Assignment =
Output all of the entries exactly as they are given.

Collection entries
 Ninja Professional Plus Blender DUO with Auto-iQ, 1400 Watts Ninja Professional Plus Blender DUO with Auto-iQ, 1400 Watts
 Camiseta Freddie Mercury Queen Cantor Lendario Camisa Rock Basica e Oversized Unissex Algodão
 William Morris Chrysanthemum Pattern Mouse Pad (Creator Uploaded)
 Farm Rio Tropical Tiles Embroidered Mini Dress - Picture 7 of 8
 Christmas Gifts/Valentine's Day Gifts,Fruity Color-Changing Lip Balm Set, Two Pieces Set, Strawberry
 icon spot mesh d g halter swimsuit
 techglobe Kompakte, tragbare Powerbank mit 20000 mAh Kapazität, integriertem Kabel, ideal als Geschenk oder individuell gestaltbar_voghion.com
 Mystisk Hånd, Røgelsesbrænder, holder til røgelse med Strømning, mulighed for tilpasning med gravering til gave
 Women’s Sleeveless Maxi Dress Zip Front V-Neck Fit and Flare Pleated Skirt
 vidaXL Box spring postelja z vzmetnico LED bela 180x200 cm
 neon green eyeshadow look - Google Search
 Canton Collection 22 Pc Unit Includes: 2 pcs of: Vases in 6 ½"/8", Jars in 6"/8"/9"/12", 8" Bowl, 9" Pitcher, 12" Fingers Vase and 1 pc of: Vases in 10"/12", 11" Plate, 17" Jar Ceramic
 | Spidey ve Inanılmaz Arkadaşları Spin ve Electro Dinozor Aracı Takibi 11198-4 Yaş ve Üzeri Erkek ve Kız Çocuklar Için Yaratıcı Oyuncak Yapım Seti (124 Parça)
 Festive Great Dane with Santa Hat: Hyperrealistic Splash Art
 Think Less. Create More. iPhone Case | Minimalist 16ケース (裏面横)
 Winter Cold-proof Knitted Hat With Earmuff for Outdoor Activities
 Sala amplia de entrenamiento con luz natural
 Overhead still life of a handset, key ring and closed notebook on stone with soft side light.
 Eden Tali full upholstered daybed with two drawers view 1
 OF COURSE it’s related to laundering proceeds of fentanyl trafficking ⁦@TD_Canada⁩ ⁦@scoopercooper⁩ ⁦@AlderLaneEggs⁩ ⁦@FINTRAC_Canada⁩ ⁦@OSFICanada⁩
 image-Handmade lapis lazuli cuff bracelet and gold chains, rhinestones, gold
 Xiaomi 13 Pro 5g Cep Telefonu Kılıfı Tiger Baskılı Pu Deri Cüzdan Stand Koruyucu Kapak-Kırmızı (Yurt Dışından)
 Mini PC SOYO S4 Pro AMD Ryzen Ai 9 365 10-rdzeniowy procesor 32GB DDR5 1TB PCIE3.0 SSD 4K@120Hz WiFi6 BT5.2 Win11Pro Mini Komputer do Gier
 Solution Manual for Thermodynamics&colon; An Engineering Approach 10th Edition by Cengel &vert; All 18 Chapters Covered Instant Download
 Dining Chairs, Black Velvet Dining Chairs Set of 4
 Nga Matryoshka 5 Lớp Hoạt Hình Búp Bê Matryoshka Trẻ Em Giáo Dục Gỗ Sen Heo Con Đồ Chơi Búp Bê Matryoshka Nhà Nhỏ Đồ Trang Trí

Completed exercise =
 Ninja Professional Plus Blender DUO with Auto-iQ, 1400 Watts Ninja Professional Plus Blender DUO with Auto-iQ, 1400 Watts
 Camiseta Freddie Mercury Queen Cantor Lendario Camisa Rock Basica e Oversized Unissex Algodão
 William Morris Chrysanthemum Pattern Mouse Pad (Creator Uploaded)
 Farm Rio Tropical Tiles Embroidered Mini Dress - Picture 7 of 8
 Christmas Gifts/Valentine's Day Gifts,Fruity Color-Changing Lip Balm Set, Two Pieces Set, Strawberry
 icon spot mesh d g halter swimsuit
 techglobe Kompakte, tragbare Powerbank mit 20000 mAh Kapazität, integriertem Kabel, ideal als Geschenk oder individuell gestaltbar_voghion.com
 Mystisk Hånd, Røgelsesbrænder, holder til røgelse med Strømning, mulighed for tilpasning med gravering til gave
 Women’s Sleeveless Maxi Dress Zip Front V-Neck Fit and Flare Pleated Skirt
 vidaXL Box spring postelja z vzmetnico LED bela 180x200 cm
 neon green eyeshadow look - Google Search
 Canton Collection 22 Pc Unit Includes: 2 pcs of: Vases in 6 ½"/8", Jars in 6"/8"/9"/12", 8" Bowl, 9" Pitcher, 12" Fingers Vase and 1 pc of: Vases in 10"/12", 11" Plate, 17" Jar Ceramic
 | Spidey ve Inanılmaz Arkadaşları Spin ve Electro Dinozor Aracı Takibi 11198-4 Yaş ve Üzeri Erkek ve Kız Çocuklar Için Yaratıcı Oyuncak Yapım Seti (124 Parça)
 Festive Great Dane with Santa Hat: Hyperrealistic Splash Art
 Think Less. Create More. iPhone Case | Minimalist 16ケース (裏面横)
 Winter Cold-proof Knitted Hat With Earmuff for Outdoor Activities
 Sala amplia de entrenamiento con luz natural
 Overhead still life of a handset, key ring and closed notebook on stone with soft side light.
 Eden Tali full upholstered daybed with two drawers view 1
 OF COURSE it’s related to laundering proceeds of fentanyl trafficking ⁦@TD_Canada⁩ ⁦@scoopercooper⁩ ⁦@AlderLaneEggs⁩ ⁦@FINTRAC_Canada⁩ ⁦@OSFICanada⁩
 image-Handmade lapis lazuli cuff bracelet and gold chains, rhinestones, gold
 Xiaomi 13 Pro 5g Cep Telefonu Kılıfı Tiger Baskılı Pu Deri Cüzdan Stand Koruyucu Kapak-Kırmızı (Yurt Dışından)
 Mini PC SOYO S4 Pro AMD Ryzen Ai 9 365 10-rdzeniowy procesor 32GB DDR5 1TB PCIE3.0 SSD 4K@120Hz WiFi6 BT5.2 Win11Pro Mini Komputer do Gier
 Solution Manual for Thermodynamics&colon; An Engineering Approach 10th Edition by Cengel &vert; All 18 Chapters Covered Instant Download
 Dining Chairs, Black Velvet Dining Chairs Set of 4
 Nga Matryoshka 5 Lớp Hoạt Hình Búp Bê Matryoshka Trẻ Em Giáo Dục Gỗ Sen Heo Con Đồ Chơi Búp Bê Matryoshka Nhà Nhỏ Đồ Trang Trí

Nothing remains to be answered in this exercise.